Du côté de Dominique Strauss-Kahn, on est plus prudent, même si, confirme le Dr Jean-Marie Le Guen, le candidat à la candidature a toujours dit «qu’il fallait garantir l’accès aux soins».
«Lorsque toutes les mesures incitatives se seront déclarées vaines, il faudra bien en venir aux décisions plus dures pour empêcher que ne grandissent le déserts médicaux»,explique Jean-Marie Le Guen qui rejoint un tant soit peu Gérard Bapt.

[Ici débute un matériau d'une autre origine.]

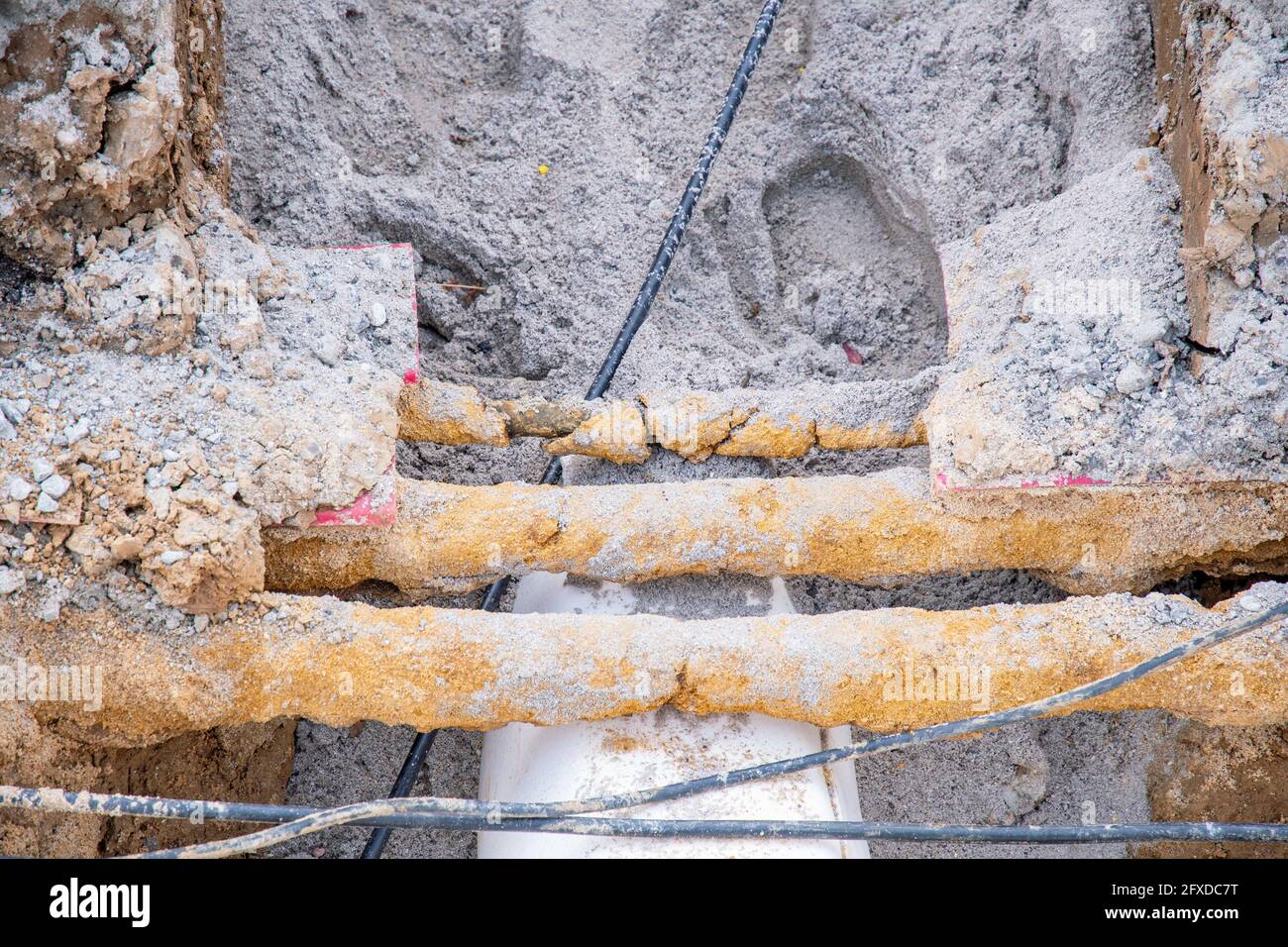 I tubi di riscaldamento distrettuali sono stati posati in tubi di plastica neri cantiere Foto Stock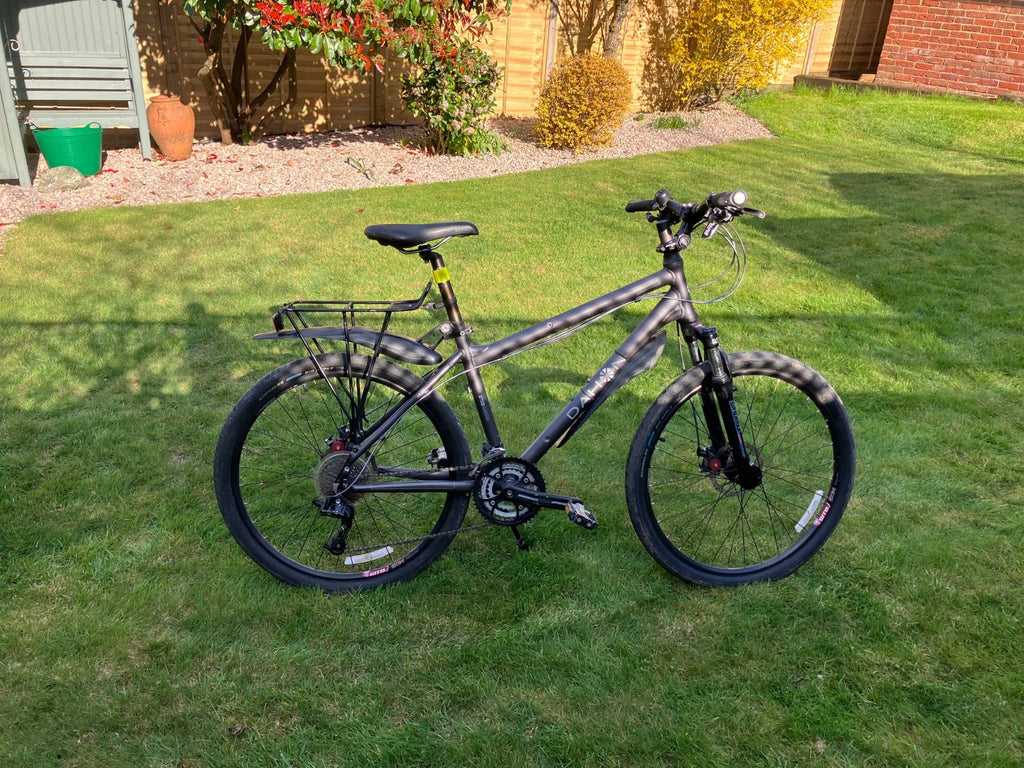 Dahon Matrix 2011 full size folding bike bicycle, 24”Wheel Disc Brakes 21Speed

Pour Claude Pigement, qui redit l’opposition de Ségolène Royal au principe même de conventionnement sélectif, il faut mettre en place toute une série d’incitations fiscales, d’aides financières pour les médecins, multiplier les soutiens aux collectivités territoriales, délivrer des bourses aux étudiants qui s’engageraient à exercer ensuite dans leur région d’études, afin de résoudre ce problème récurrent de la démographie médicale. «Ce n’est que si cette politique échoue, insiste-t-il, qu’il faudra agir autrement.» Une position qui n’est pas finalement très éloignée de celle des deux autres candidats, même si la piste du conventionnement sélectif n’est à l’évidence pas celle que préfèrent Dominique Strauss-Kahn et, surtout, Ségolène Royal.